WORK REQUEST: Where the word "Ford" shows up in the entries below, please copy the whole line.

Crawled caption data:
======

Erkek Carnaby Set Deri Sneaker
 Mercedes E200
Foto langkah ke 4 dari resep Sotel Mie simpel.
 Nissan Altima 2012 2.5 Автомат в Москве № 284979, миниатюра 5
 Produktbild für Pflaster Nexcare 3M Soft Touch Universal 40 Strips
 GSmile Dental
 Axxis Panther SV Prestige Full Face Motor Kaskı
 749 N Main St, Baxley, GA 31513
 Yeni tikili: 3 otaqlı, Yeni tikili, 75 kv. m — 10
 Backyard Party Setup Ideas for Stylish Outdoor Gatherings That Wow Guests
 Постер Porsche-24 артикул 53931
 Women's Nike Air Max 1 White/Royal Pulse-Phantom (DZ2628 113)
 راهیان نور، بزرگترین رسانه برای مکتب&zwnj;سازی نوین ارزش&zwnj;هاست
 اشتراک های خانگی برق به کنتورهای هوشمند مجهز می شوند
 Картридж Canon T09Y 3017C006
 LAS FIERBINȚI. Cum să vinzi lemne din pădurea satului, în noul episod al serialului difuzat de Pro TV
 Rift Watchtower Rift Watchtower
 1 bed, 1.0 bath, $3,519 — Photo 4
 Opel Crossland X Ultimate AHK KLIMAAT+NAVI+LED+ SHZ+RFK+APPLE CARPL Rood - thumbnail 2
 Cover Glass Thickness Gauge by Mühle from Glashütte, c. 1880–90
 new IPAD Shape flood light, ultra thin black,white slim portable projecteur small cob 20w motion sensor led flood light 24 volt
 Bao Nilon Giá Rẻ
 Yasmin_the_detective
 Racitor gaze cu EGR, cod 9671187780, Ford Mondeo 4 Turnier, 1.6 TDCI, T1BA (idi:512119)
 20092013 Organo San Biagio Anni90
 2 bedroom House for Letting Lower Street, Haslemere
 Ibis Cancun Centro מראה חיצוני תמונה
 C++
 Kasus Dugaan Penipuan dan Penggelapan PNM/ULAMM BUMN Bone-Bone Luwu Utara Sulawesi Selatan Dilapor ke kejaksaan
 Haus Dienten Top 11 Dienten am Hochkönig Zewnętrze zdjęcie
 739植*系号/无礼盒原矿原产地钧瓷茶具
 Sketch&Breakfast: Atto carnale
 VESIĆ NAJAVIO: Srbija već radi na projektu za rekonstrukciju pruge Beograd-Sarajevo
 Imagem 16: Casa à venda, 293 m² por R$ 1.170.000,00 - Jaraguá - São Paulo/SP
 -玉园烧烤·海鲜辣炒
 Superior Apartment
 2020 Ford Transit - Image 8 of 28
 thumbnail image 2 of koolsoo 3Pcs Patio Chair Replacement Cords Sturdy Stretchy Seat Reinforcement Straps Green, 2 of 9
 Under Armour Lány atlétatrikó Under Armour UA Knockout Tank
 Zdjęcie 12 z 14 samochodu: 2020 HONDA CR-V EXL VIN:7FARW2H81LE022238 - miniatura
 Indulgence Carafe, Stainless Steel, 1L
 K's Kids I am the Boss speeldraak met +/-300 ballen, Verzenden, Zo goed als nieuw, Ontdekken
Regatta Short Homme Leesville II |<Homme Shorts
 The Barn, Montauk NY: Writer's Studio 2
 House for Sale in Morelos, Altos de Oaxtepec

======

THE ANSWER:
 Racitor gaze cu EGR, cod 9671187780, Ford Mondeo 4 Turnier, 1.6 TDCI, T1BA (idi:512119)
 2020 Ford Transit - Image 8 of 28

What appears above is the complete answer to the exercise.